Listen with me to a story. A story that we may all find is in someway our story. This is a story about a great man named Israel, who at this moment is neither great, nor is he known by the name Israel. But then, as Shakespear has Juliet ask "what is in a name? that which we call a rose by any other name would smell as sweet." None of us got to chose the name by which we are known, if we had many of us would have chosen a different name. Perhaps Elvis? Some of us prefer to answer to a pet name given to us by a loved one, and abhor those nick names given by classmates wanting to shame us. Some seek to make a name for themselves. There are names that have become household names. Names of terror like Alexander, Napoleon, or Hilter. Names of faith like the Apostle Paul, Gregory the Great, and Mother Theresa of Calcuta. Some names created to mean one thing have come to mean something distinctly different. A name for indistructability became disaster when the name was Titanic. I.B.M literally means International Business Machine, but to many who work for that company it has come to mean "I’ve Been Moved." When, after wresting all night beside the river Jabbok, God asked his opponent what is your name, he was asking more than what do people call you. At this period in the middle east to know someones name was to have power over them. People believed that a person’s name held the key to the very essence of their soul. So when God asked what is your name, He was asking in essence "name for me the very nature of your being." The reply God received was, "I am Jacob, the supplanter."

A LIFE OF CONFLICT

To understand Jacob’s name we must start even before his entrance into life. While still in his mother’s womb he and his brother caused such agitation that Rebekah thought she would surely die before giving birth. Seeking God in prayer Rebekah received this insight from God. "Two nations are in you womb, and two peoples, born of you, shall be divided; the one shall be stronger than the other, the elder shall serve the younger." These two children were children of promise. And it would be through them that God would continue to carry out that promise he had given Abraham that "through his seed all nations would be blessed." When time came for giving birth the first child was covered with hair and red of skin, so they called him Esau. But as he came forth from his mother’s womb the second child was found grasping Esau’s ankle. This second son they called Jacob, which means "heel/trickster/over-reacher/supplanter." Children of promise, now newly named.

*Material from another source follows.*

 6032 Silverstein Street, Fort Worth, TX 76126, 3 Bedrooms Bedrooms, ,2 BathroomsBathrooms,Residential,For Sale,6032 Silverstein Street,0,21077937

When we are born we are born into families, and it is these families that influence our identity. It is our parents who name us and it is our families who tell us who we are to be. Were there is love this is a wonderous thing, were there is conflict it is the children that suffer. Unaware of these dynamics children are often triangled into the troubled relationship between husband and wife. This was true for both Esau and Jacob. Issac and Rebekha’s relationship had grown cold and distant by the time these two boys came onto the seen. This distance was manifested in the parents favortism for one son over that of the other. Issac chose his first born Esau as his favored son. Esau was daddy’s boy, a man’s man. Strong of body and familiar with the hard life of a hunter. Jacob, on the other hand, was picked by Rebekah to be momma’s boy, a son of gentle spirit, who as a farmer hung around the tents like the women.

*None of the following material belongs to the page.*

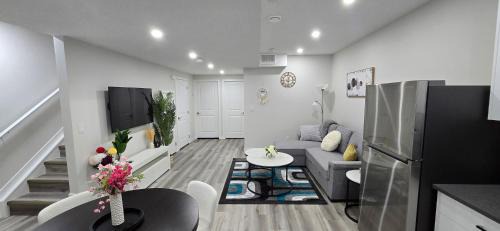 Northeast Edmonton Cama Y Desayuno | Bleniel Place - Stylish Basement Suite with Wi-Fi Netflix & Parking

This contrived alliance between father and eldest son up against that of mother and youngest son fostered a tense relationship between these two brothers. For you see both Esau and Jacob knew that in their society it was the first born son who would inherit all of their father’s wealth. Jacob understood quite well that as the second son he would get nothing, and if he every forgot this fact for a moment the rest of his family was there to remind him. But Rebekah had no intent of allowing her favorate son to go without. From his early childhood Rebekah set out to teach Jacob what she herself knew all so well, that in the tent of Issac you got only what you could take by your own cleverness and deceit. Under her tuterage Jacob grew up to become, as Walter Brueggeman discribes him, a rascal. And so the stage was set for the struggle that had originated between husband and wife to now be passed on to Esau and Jacob.

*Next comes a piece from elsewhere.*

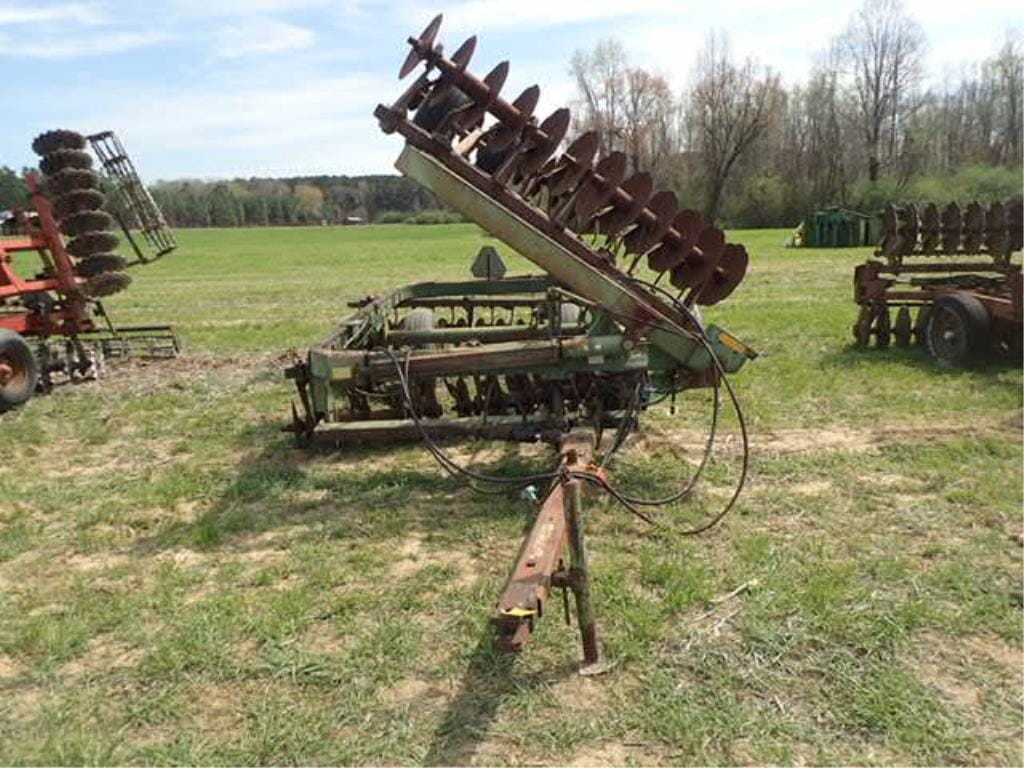 John Deere 235 Equipment Image0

We first see this struggle manifest itself when Esau coming back from a failed hunting trip is famished and finds Jacob cooking a lentle stew. Esau asks his brother for some of the stew. Jacob refuses to give his the stew but he will sell it to him. "Well, what do you want?" asks Esau. "I want your birthright" answers Jacob. Esau growing hungrier by the moment and tired over this relentless argument over the birthright of the first born son gives in and sells it to Jacob. In a later scene, when Isaac had grown old and almost blind, he calls for his favored son Esau. He tells him to go out and kill a deer for his father, prepare it as Isaac likes it, and bring it to his father. For this day Isaac will bless Esau. Hearing what is about to take place Rebekah steps in and convinces Jacob to dress up like his brother and to go into his father Isaac’s tent and receive the blessing as if he was Esau. So Jacob tricks his father and steals from his brother the blessing. When Esau hears of this his anger overwhelms him and he decides to kill his brother Jacob.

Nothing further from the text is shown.